Single by Conan Gray

from the album Superache
- Released: January 21, 2022
- Genre: Rock, Pop rock, Pop punk, Alternative rock, emo pop
- Length: 3:38
- Label: Republic Records
- Songwriters: Conan Gray, Dan Nigro
- Producer: Dan Nigro

Conan Gray singles chronology
| "Telepath" (2022) | "Jigsaw" (2022) | "Memories" (2022) |

Music video
- "Jigsaw" Lyric video on YouTube

= Jigsaw (Conan Gray song) =

"Jigsaw" is a song by singer-songwriter Conan Gray, featured as the third single and track 7 of his sophomore album, Superache. It was released through Republic Records on January 21, 2022. The track was written by Gray along with Dan Nigro, who was then responsible for the production of the song and multiple other tracks on the record.

== Background ==
Conan released four previous singles in the year past, 2021, them being Overdrive, Astronomy, People Watching, and Telepath respectively, On Gray's birthday, December 5, 2021 he posted the first known snippet of "Jigsaw" on his private TikTok account, about a month prior of its original release. On January 16, 2022, he posted a second snippet of the song on his social media, giving fans a new look to what the song will bring. Finally, three days before it's release on January 18, Conan finally announces "Jigsaw" as a single set to come out January 21. The track was included in the setlist for Gray's tour "The Conan Gray World Tour 2022" starting on March 1 of the same year.
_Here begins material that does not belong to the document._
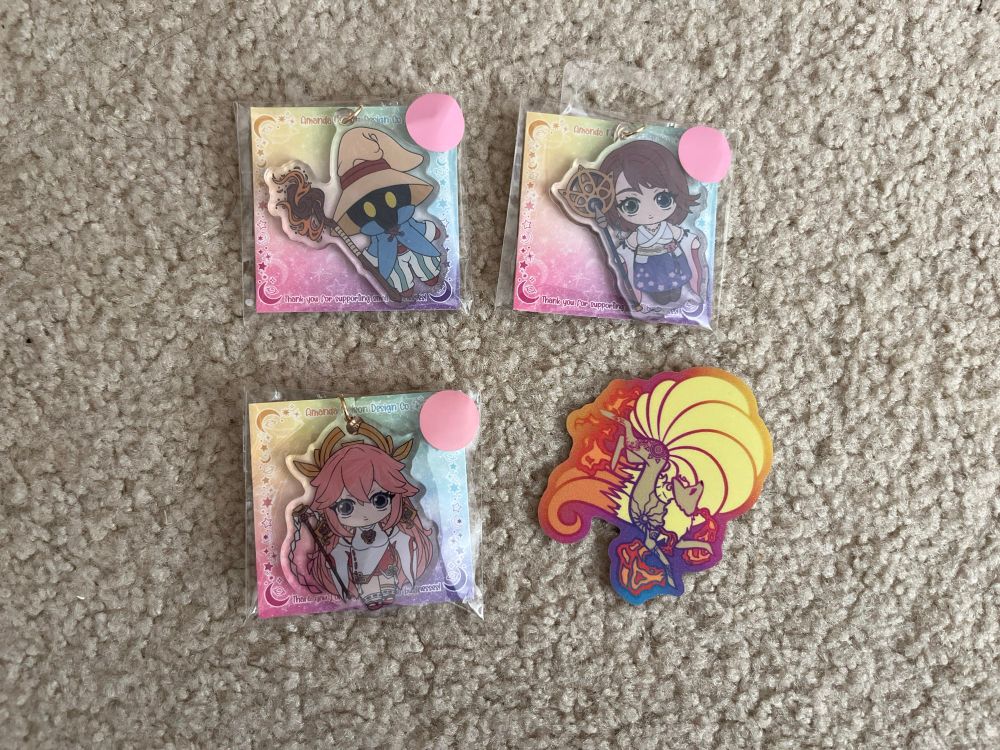Merch from Amanda Nelson Design, consisting of: keychains of Vivi from FFIX, Yuna from FFX, and Yae Miko from Genshin Impact; a colorful sticker of Ninetales the Pokémon .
Gray went on an interview with DIY Magazine to share about the track, in which he said "I wrote jigsaw originally as a bit of a diary entry rant for myself,” he explains. “I’d spent my entire life contorting myself and changing everything I used to be in order to make everybody happy. I was so used to trying to please everyone that, when it came to love, I started to do the same. I thought maybe if I dress a certain way, act a certain way, do my hair the way you’ll like, then maybe you’ll finally love me. It didn’t work, obviously. By the end of it all it I ended up looking in the mirror and barely recognizing my rearranged and twisted reflection. I hope that jigsaw is a bit of a warning to people. That destroying yourself to win somebody’s love will only leave you empty on the other side. Because in the end, that person won’t love you, just the version of you that you made for them. Instead choose to become somebody that you love."

== Critical Reception ==
Bleached shares their opinion on the track, stating that it's "heartbreaking, honest and relatable." Also commentating on the production, which is new for Conan, sharing that it will get you "immediately taken aback by the distinct contrast in production styles compared to what you’ve heard before from him." The Beacon collected data from several who've listened to the song, Maddy Yeager shares that "When Gray said ‘then I would grab the kitchen scissors and cut myself to slivers for you’ [it] had me crying", highlighting the sadness and somber emotions Gray shares in his lyrics. At listening to the song, Rachel Hirsch from Rock & Blog states that she "was impressed and inspired by these lyrics from an artist at such a young age", mentioning how someone as young as Conan could write such painful and emotional lyrics. Finally, famous American blog Ones to Watch compares the track's meaning to Gray's previous works, specifically to his 2020 song Heather, saying they share "the desire of wanting to be someone else in order to be with someone else"

== Lyric Video ==
A hand-drawn lyric video was released along with the video, with paper notes with the lyrics to the track. There seem to be puzzle pieces scattered around, as well as a pair of scissors, which are also featured on the art cover for the song. This song appears to be the only single for the record to not feature a music video.